Mitch Leff: You have to. It’s, if you look at the numbers, there’s a huge percentage of small businesses that don’t last more than a year and an even smaller percentage that last past five years.
Jim Fitzpatrick: Right.
Mitch Leff: So if, you can have the greatest product in the world, but if you don’t have a plan to sell it and market it then you’re nothing. You can have, this coffee mug can be fantastic, but if no one knows why it’s fantastic or what it costs or where to buy it, then your business is not going to survive. You’re going to have a warehouse full of very nice looking coffee cups that you’ll bequeath to your descendants for generations to come.
Jim Fitzpatrick: Yeah, sure. I would imagine too, you hear so many people that want to get out in their industry, become what you hear about a thought leader and PR is a great way to get that word out, isn’t it? From the founder or the president of a small business.
Mitch Leff: We work with a lot of companies on that thought leadership part. Very often you have a product or a service, but you can’t necessarily be in the newspaper every day talking about your coffee cups.
Jim Fitzpatrick: Right.
Mitch Leff: But you can talk about ceramics, you can talk about the economics of it. You can talk about different facets of your business that show your expertise. And oh, by the way, I make coffee cups.
Jim Fitzpatrick: Right, right. All roads lead …
Mitch Leff: All roads lead back to your coffee cup. So you need to have that thought leadership platform and that can flow through, as I said, earned media, your social media, your website. You can do blogs, go to trade shows and talk about your positioning.

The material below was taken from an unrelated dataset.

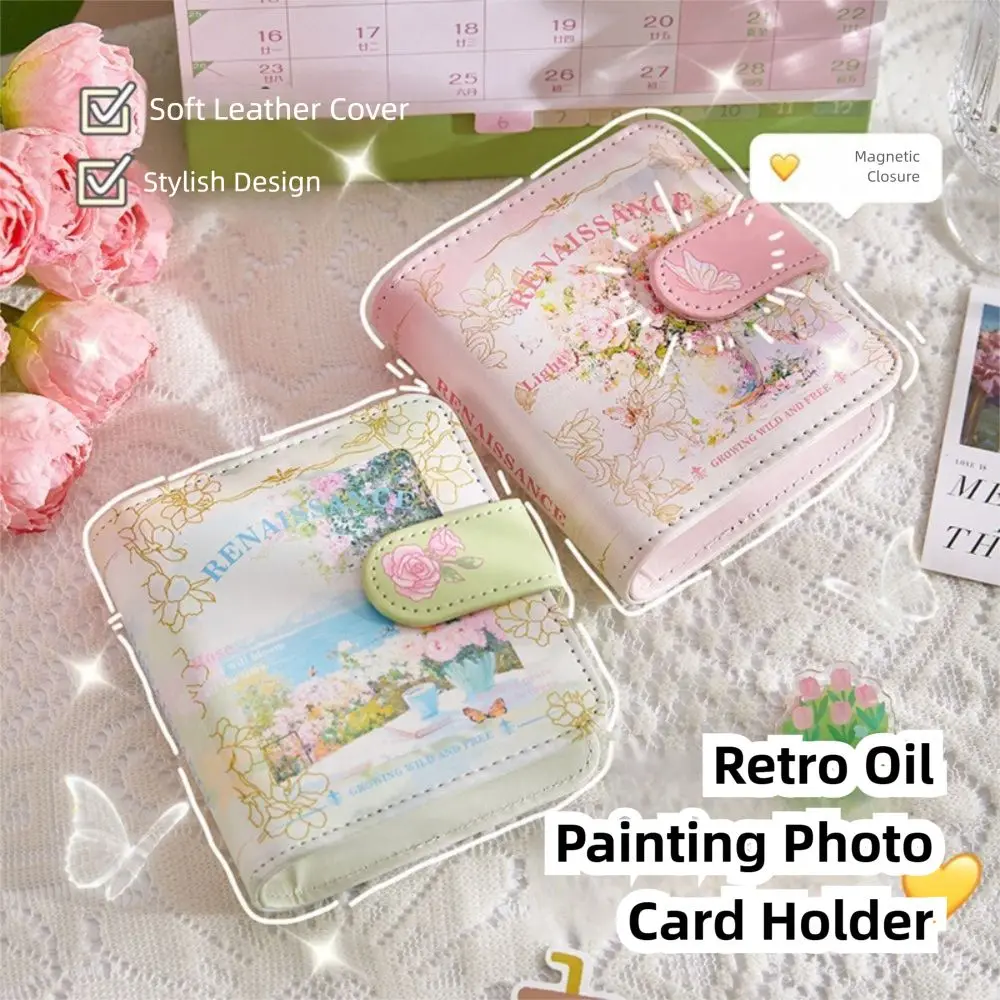 Vintage Card Storage Booklet Retro Oil Painting Style Mini 3-Ring Photo Album Holds Magnetic clasp Refillable Photocard Binder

Mitch Leff: There are many companies and many executives who create thought leadership platforms that don’t necessarily connect right to their business, but they could be related. If you’re a power company, you might have an environmental platform. Your CEO might be out there talking about the importance of clean energy and solar power that kind of thing.
Jim Fitzpatrick: Sure, sure. Well, you know, since the advent of the internet and the popularity of social media, how has that changed or contributed to public relations?
Mitch Leff: It’s created some more channels for us. So whereas before we might have been focused more on traditional television, radio, magazines, newspapers. Now we can also control the social media channels and create our own content that we can target more specifically.
Mitch Leff: And of course, Facebook allows you to be even more focused. You can boost your posts, so you can say, I want just people in Georgia or I want people in a certain demographic. So you can be very focused on who’s actually seeing your message.
Jim Fitzpatrick: Right, right. What are, talk to us about some of the most common mistakes that people will make with their PR efforts.
Mitch Leff: Yeah, it’s interesting. I think the most common mistake I see very often is not having a clear message. So you have different people in the same company. They’re saying different things about what their company is and what they do.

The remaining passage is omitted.